Maldini e Nedved, i diversi uguali di Milan-Juve

Alessandro Bonan

Paolo e Pavel erano quasi uguali eppure così diversi. Ora siedono dietro la scrivania dei club con i quali hanno vinto da giocatori

Cani da slitta, capaci di trainare cento uomini. Il pelo lungo per scaldarsi, gli occhi sempre attenti. Maldini e Nedved attraversavano la steppa innevata in senso inverso, per poi incontrarsi e stringersi la zampa. Erano belve, oggi sono umani. Paolo e Pavel, quasi uguali eppure così diversi. Uno dietro, l’altro davanti, ma entrambi avanti e indietro, con i capelli mossi, contrasto di venti e di spazi. Maldini sapeva guardare il cielo senza morire di vertigine mentre la palla lo scavalcava alle spalle con una traiettoria così alta da smarrire chiunque. Come orientato da una bussola, era capace di trovare con esattezza il punto di atterraggio di qualsiasi asteroide e adagiarlo morbidamente al suolo.

 

Al terzino Maldini capitava di fermare anche i nemici, i quali si scoraggiavano di fronte al totem simbolo della tribù avversaria. Con la sola imposizione del corpo, quasi senza toccarli, gli trafugava il pallone per ripartire veloce verso nuove avventure.
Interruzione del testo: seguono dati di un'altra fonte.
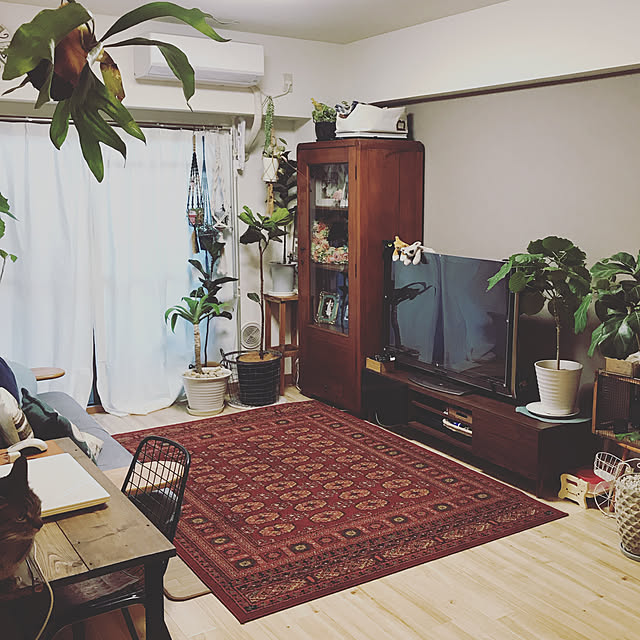 Masamiさんの部屋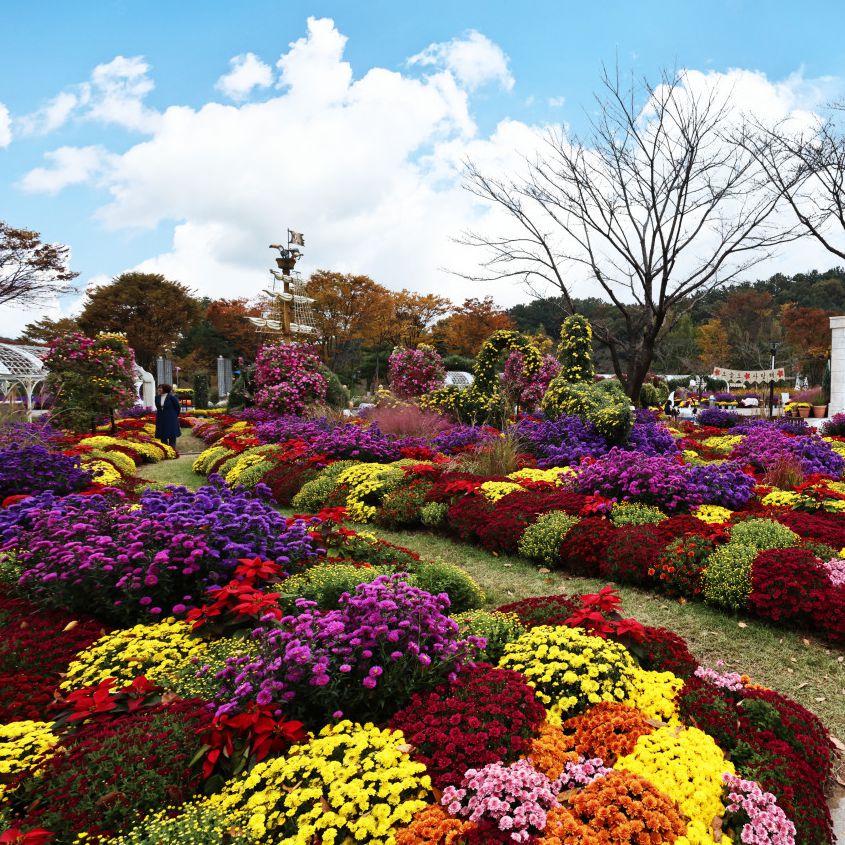 대전오월드 플라워랜드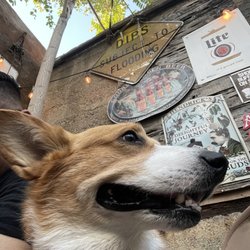 Round Up Saloon - Happy pup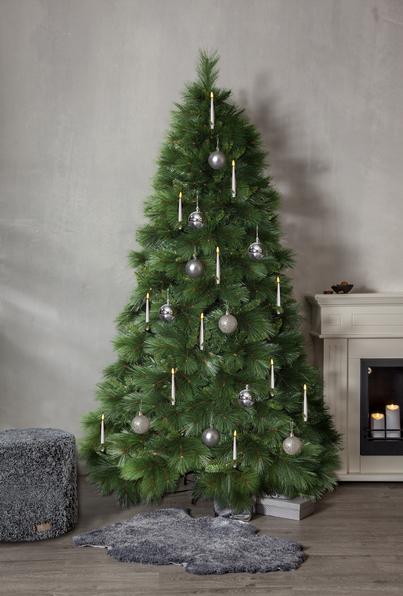 Produktbild Star Trading Kerzenleuchter Navida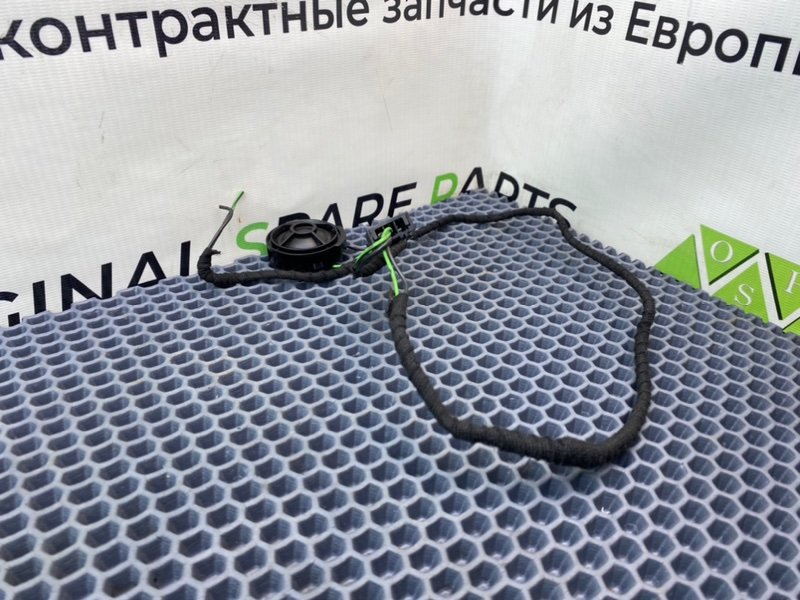 Твитер, 800 рублей, Калининград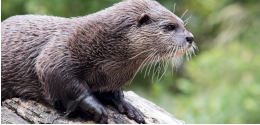 Otterklein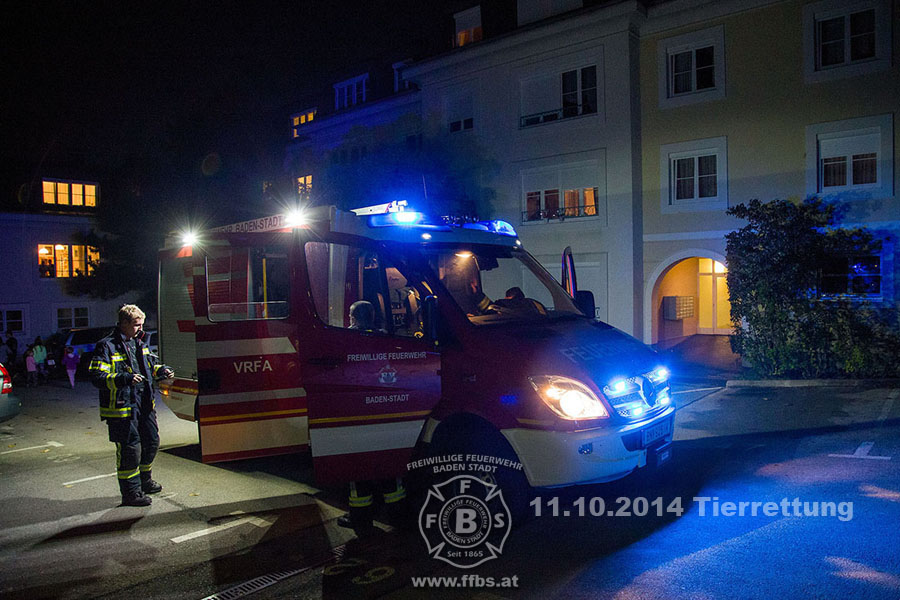 2014-10-11_tierrettung_028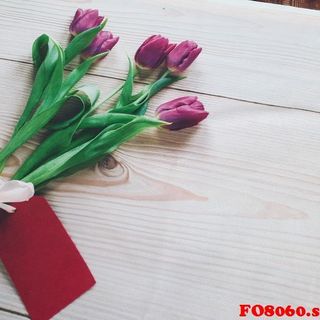 Vải phông nền hoa lá FO8060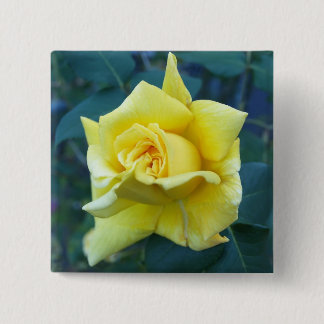 Chapa Cuadrada Rosa amarillo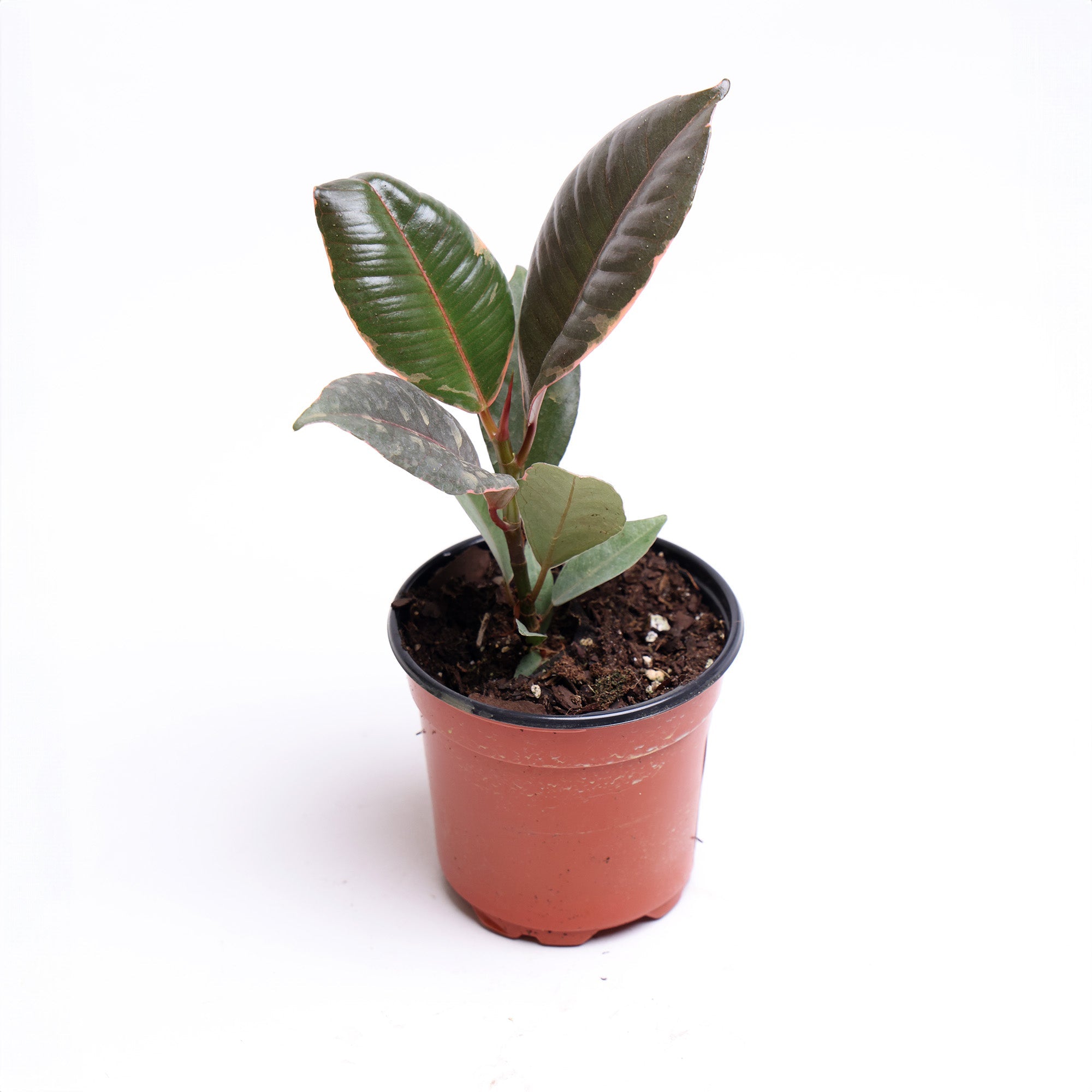 A Ficus Ruby 4 Inch plant with glossy green leaves in a small grower pot, isolated on a white background by Chive Studio.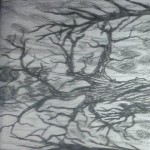 Conjuro - Engolindo Almas e Espíritos da Noite / Árvore da Morte cover art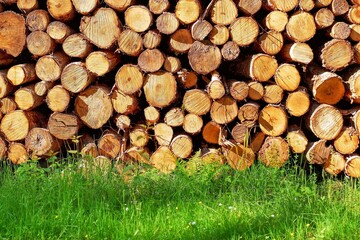 Closeup of timber logs prepared for burning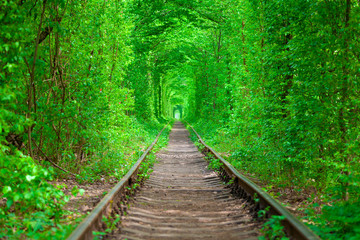 Fototapeta premium a railway in the spring forest tunnel of love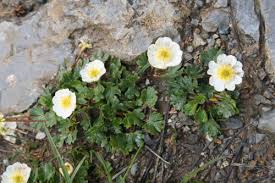 Image result for Ranunculus oreophytus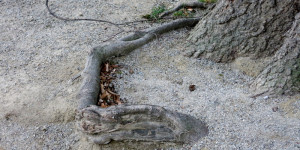 Beitragsbild des Blogbeitrags Man weiß nicht 
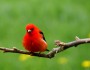 A striking black-winged red bird, the Scarlet Tanager is a common species of the eastern forest interior. Despite its brilliant coloring it is often overlooked because of its rather secretive behavior and its preference for the forest canopy. (Photo: Daniel Marquis)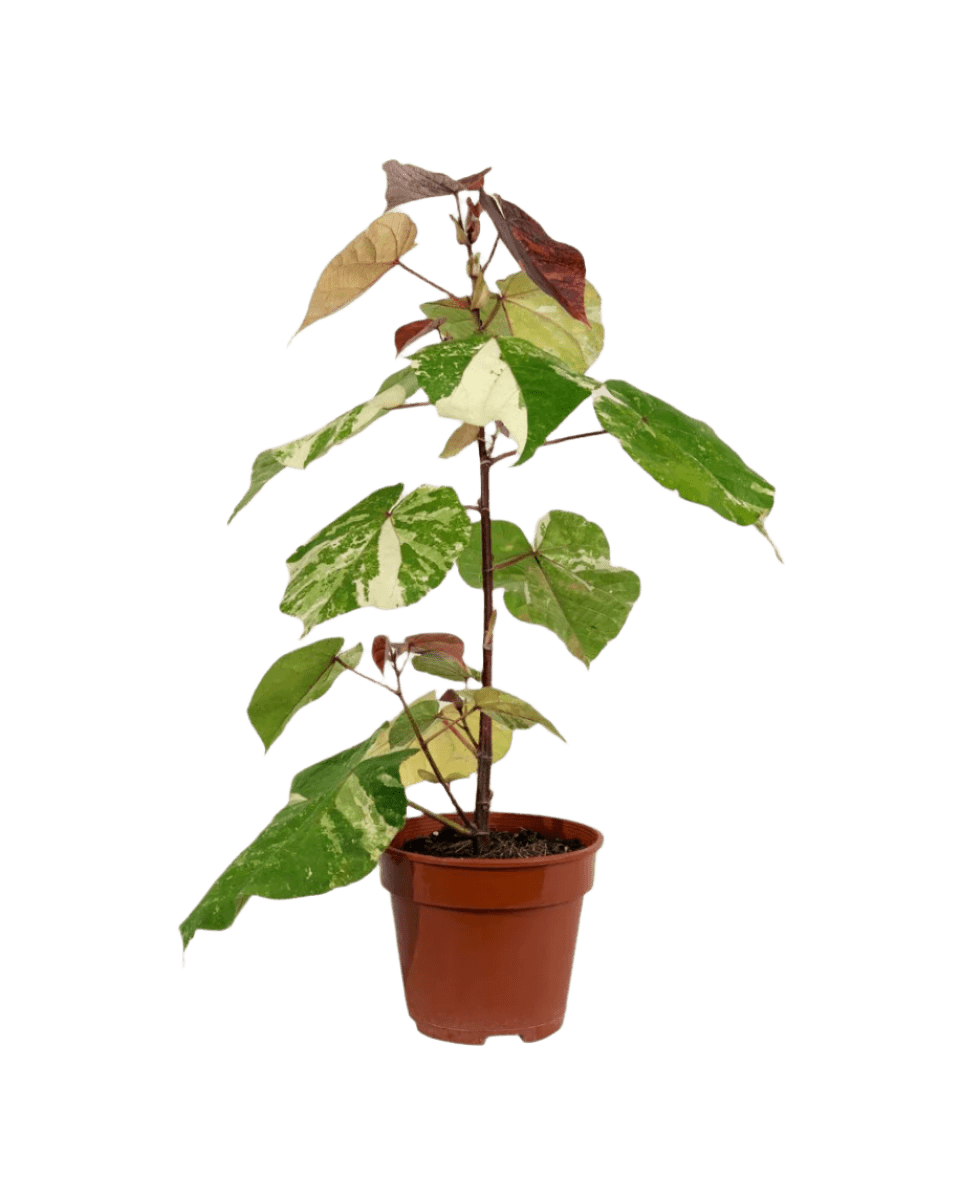 Variegated Sea Hibiscus - Potted plant - POTT - VARI - GRW - 3604 - Tumbleweed Plants - Online Plant Delivery Singapore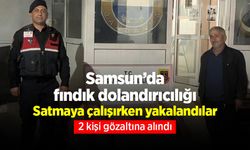 Samsun’da fındık dolandırıcılığı: Satmaya çalışırken yakalandılar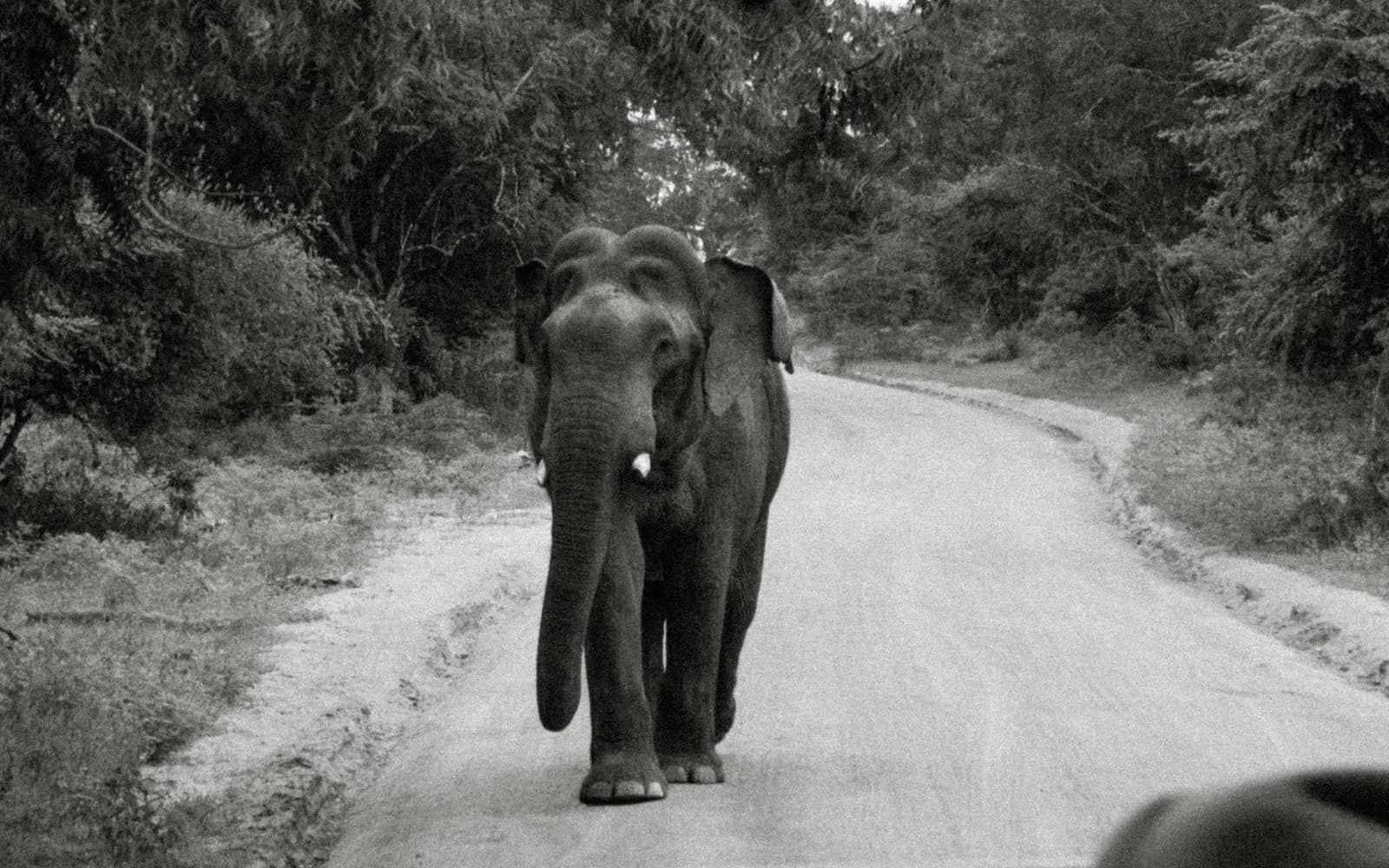 Wild elephant safari view representing seasonal route adjustments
Giocava a sinistra con il destro, senza farlo mai pesare a nessuno, fino a ergersi di diritto a “più grande terzino sinistro della nostra storia”.

 

Di questo scherzo della natura, due piedi quasi uguali, Nedved è stato vittima ancora più straordinaria. Tirava così forte con entrambi che nessuno ha mai capito quale fosse l’alluce preferito. Le sue non erano semplici conclusioni, ma vere e proprie esplosioni, palle di cannone. Calciava senza preoccuparsi del come ma ben intenzionato a rispondere al perché. Non apparteneva a posizioni precise. Poteva sorprenderti da destra o da sinistra, bucarti al centro, indiano con l’accetta. Si comportava in campo con tanta di quella fretta che potevi anche fraintendere, pensando che possedesse il giusto mentre invece aveva tutto: dribbling, stop, lancio, persino colpo di testa. Correva impetuoso, le spalle come piegate dal vento, una treccia di muscoli sottili. Spiccando con il biondo acceso, non si fermava mai, cinetico costante.

 

Adesso che lo vediamo fermo in tribuna non sembra neanche vero che abbia smesso. I capelli sono gli stessi, un po’ più grigi come gli occhi, ma il resto è uguale. Dicono che in fondo non si sia mai fermato, correndo, anche da ex, per non dimenticare il suo corpo.

 

Come Maldini ha conservato un fisico ideale, uguali anche al tramonto. Come spesso capita a calciatori così importanti, una volta lasciato il campo, preferiscono parlare il giusto. Di questi silenzi ognuno interpreta qualcosa, anche se il silenzio, in assoluto, è un bel rumore. Ma quella slitta che corre ha lasciato tracce sulla neve che ancora si vedono. Mentre i cani ansimano alla luna, e cento uomini si sono persi nel vento.